The biggest challenge the sector faced was that the US FDA continued to warn Indian drugmakers, which supply about 40% of the generic drugs sold in the US, over quality issues. In a recent development, the regulator again raised concerns about quality issues at Sun Pharma’s Halol plant.
Multispecialty and single-specialty firms
The year belonged to the single-specialty sector beginning with the investment in eye-care chain Dr Agarwal’s Eye Hospital Ltd by Hong Kong-based PE firm ADV Partners in January. Mother- and child care segment and oncology sector also attracted funding with investments in Motherhood and Cancer Treatment Services International, respectively, this year by TPG Growth.
The in-vitro fertilisation (IVF) segment also attracted PE investment with India Life Sciences Fund II investing in Oasis Centre for Reproductive Medicine. Meanwhile, dental chains like Axiss Dental are looking to raise fresh funds.
Multispecialty hospitals enhanced their presence with Dubai-based PE firm Abraaj Group buying a majority stake in Hyderabad-based CARE Hospitals from PE firm Advent International. Regional multi-specialty hospitals including Cygnus Medicare and Asian Institute of Medical Sciences are also looking to raise funds.
“The year 2016 reflects that investors are interested in both multispecialty and single-specialty hospital networks,” TPG’s Bali said.
Policy: hits and misses
The government’s move to raise the FDI limit in existing pharmaceutical companies through the automatic route was widely welcomed as it is likely to boost M&As and private sector investments.
In a negative for some IVF companies, the government approved a bill to ban commercial surrogacy in the country. The bill is yet to be passed by Parliament. However, IVF firm Medicover Fertility’s CEO Gaurav Malhotra recently said that though the ban has affected some companies, it ends the regulatory uncertainty which is good for the sector and investors.
The government also banned more than 300 fixed dose combination (FDC) drugs earlier this year, which impacted companies including Pfizer and Sun Pharma but the ban was overturned by the Delhi High Court recently. The government can still challenge the court order before the companies could claim a victory.

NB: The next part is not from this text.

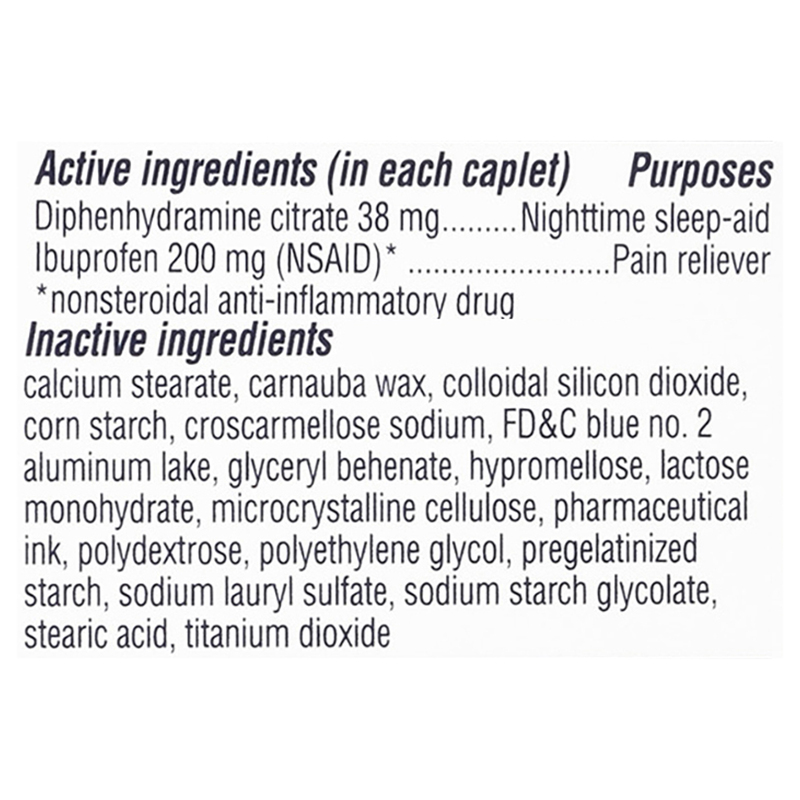 Advil PM Pain Reliever and Nighttime Sleep Aid, Ibuprofen for Pain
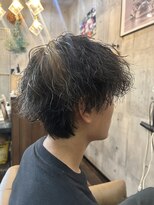 プラメーラ(PRAMEERA)&nbsp;ツイストスパイラル　ビジネスヘア　オールバック　縦落ち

The biggest miss in terms of policy was the final guidelines on the long-standing demand of the medical devices sector to delink it from the pharmaceutical industry. The policy is likely to pave the way for greater investment and R&D in the segment. Industry experts expect the policy to be out next year.
While the number of funding rounds in startups fell from the highs of last year, the sector continued to attract investments.
TPG’s Bali said Indian healthcare startups continue to show traction guided by disruptive thinking in new healthcare delivery models, technology-enabled online healthcare services, med-tech and diagnostics with more than 73 deals amounting to $ 113.45 million of funding.
“These startups are on course to create the next level of evolution in the Indian healthcare ecosystem by pushing for higher accessibility and affordability,” he said.
Notably, online pharmacies continued to attract investment with the largest player, 1mg, raising fresh funds despite regulatory uncertainty. Regulatory guidance on the sector was also awaited but is not out yet.